The largest catfish found in the state is the blue catfish, which regularly reaches 30-40 inches. Ohio’s state record blue catfish weighed 96 pounds. A blue catfish that is at least 35 inches long qualifies for Fish Ohio recognition. This species is found in the Ohio River and is stocked in Clendening Lake, Caesar Creek Reservoir, Hoover Reservoir, and Seneca Lake by the Division of Wildlife, with Hoover offering anglers the best chance of success. More than 150,000 blue catfish were stocked in 2021.
Flathead catfish present a challenge for anglers as they can weigh up to 80 pounds, although most will be between five and 40 pounds with lengths up to 50 plus inches. They are found in Ohio’s larger rivers and reservoirs; the Muskingum watershed is a hotspot. Anglers will need heavy tackle to reel in a trophy flathead, with most fish being caught near underwater structures and drift piles. Flatheads over 35 inches in length qualify for Fish Ohio recognition.
Ohio’s three species of bullhead catfish— black, brown, and yellow— can be found in a variety of waters statewide. Smaller than other catfish species, bullheads average between 10 and 12 inches in length.
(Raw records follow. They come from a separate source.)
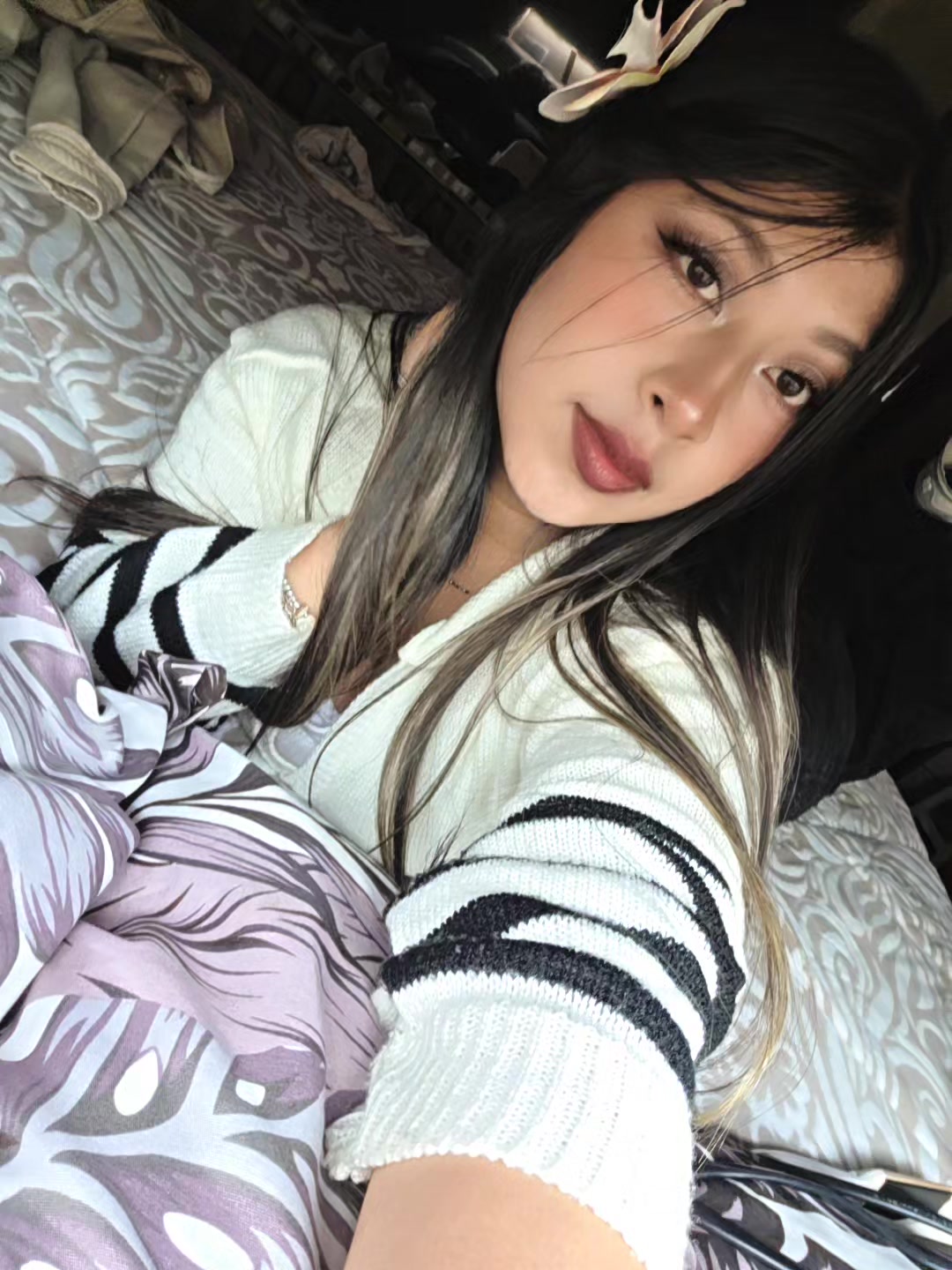 @łizëth güamaņ💗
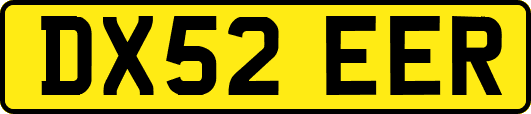 DX52EER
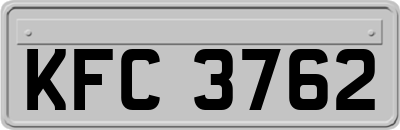 KFC3762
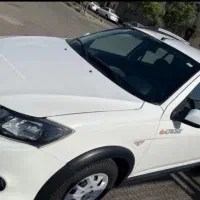 کوییک خشک ۱۴۰۵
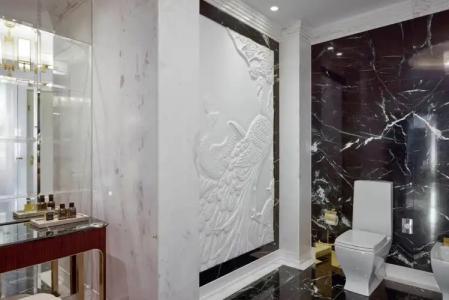 Pomegranate Wellness Spa - 159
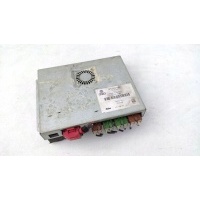 Audi a6 c5 c6 a8 блок тюнер тв 4f0919142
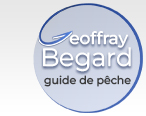 Logo Guide peche Auvergne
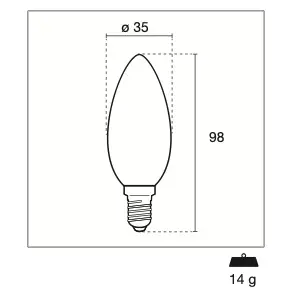 CEN_DT-INSDM1-061430.jpg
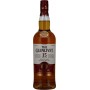GLENLIVET 15YO FRENCH OAK 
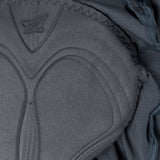 Men's Thermal Cargo Bib Tight - Mesa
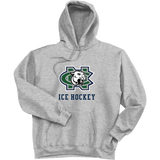 FRC Colts Neck Ultimate Cotton - Pullover Hooded Sweatshirt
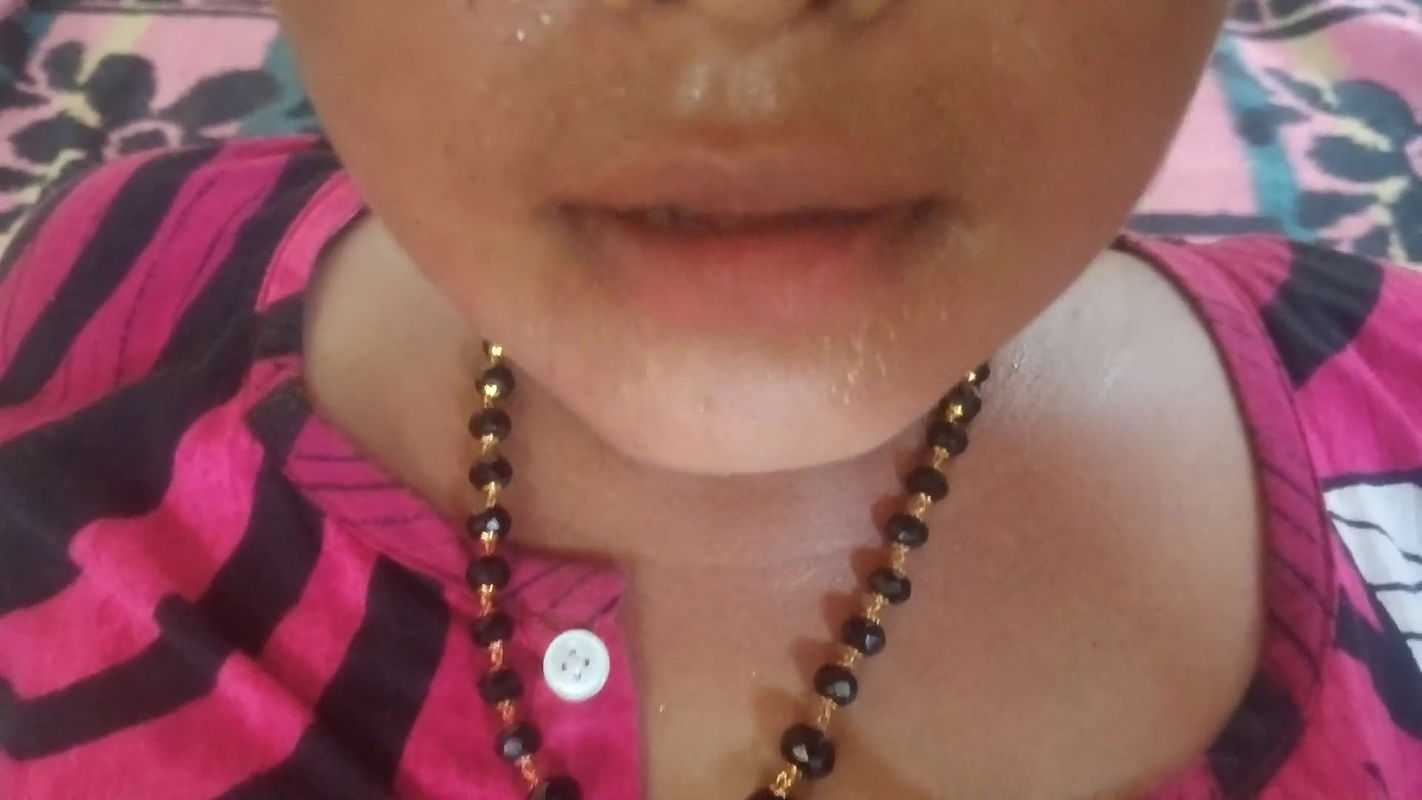 How to get rid of a hardworking girl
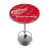 Detroit Red Wings est en rupture de stock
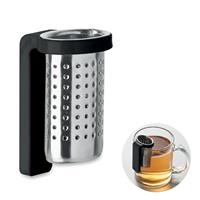 Infusor de té con gancho Kalmar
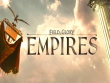 PC - Field of Glory Empires screenshot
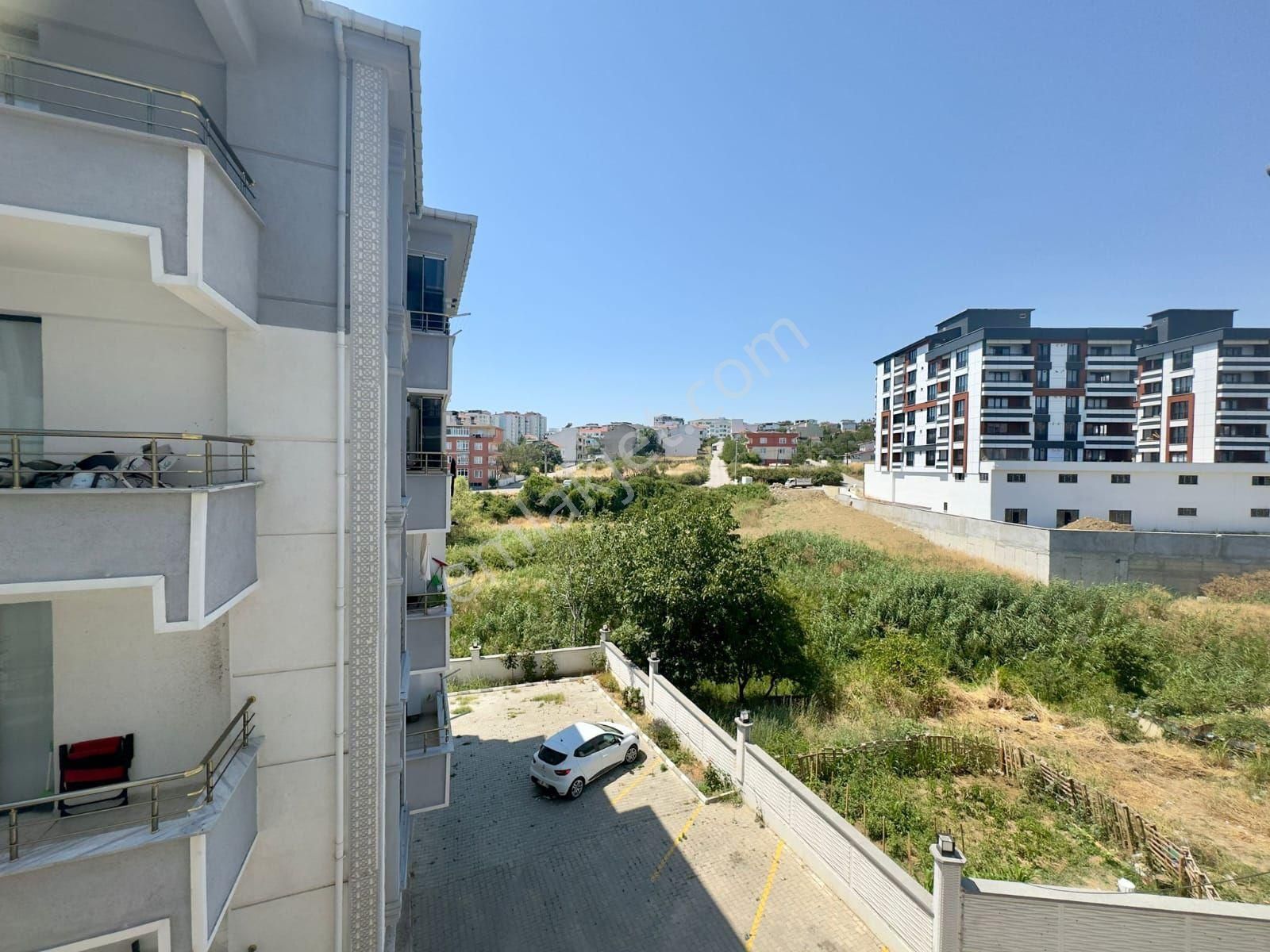 Tekirdağ Altinova Mah 3+1lux Satilik Daire - Görsel 18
Bullheads feed aggressively and target a variety of baits, and for this reason can be exciting to catch. Bullhead catfish must be 14 inches long to qualify for Fish Ohio recognition.
The pursuit of catfish is at its best in the summer months when they feed actively. Catfish spend most of the day in deeper water and may not be responsive to bait, but they move into shallower water to feed at night. Shallow flats next to deep holes and along beaches provide concentrations of feeding catfish. Night fishing during the summer usually elicits success, and Ohio’s catfish provide not only excellent recreation but also make great table fare.
Catfish are omnivorous, feeding on a variety of food types. Blue and flathead catfish readily feed on smaller fish and can be caught on gizzard shad, suckers, or chub. For channel and bullhead catfish try shrimp, chicken livers, and nightcrawlers. A strong sense of smell is a common trait among Ohio’s catfish; using scented baits will result in greater catch rates.
Anglers looking to target catfish this summer can find fishing tips by species and fishing reports and forecasts at wildohio.gov. Beginner anglers can access a variety of other resources for getting started on the Wild Ohio Harvest Community page. The Find a Destination tool on ohiodnr.gov can help you find a public fishing area near you.
A fishing license is required for anglers 16 years old or over. More details can be found in the 2022-23 fishing regulations, available online, on the HuntFish OH mobile app, or from a license sales agent. The Division of Wildlife encourages anglers to be safe on the water this summer and exercise caution, particularly when night fishing or fishing from a boat.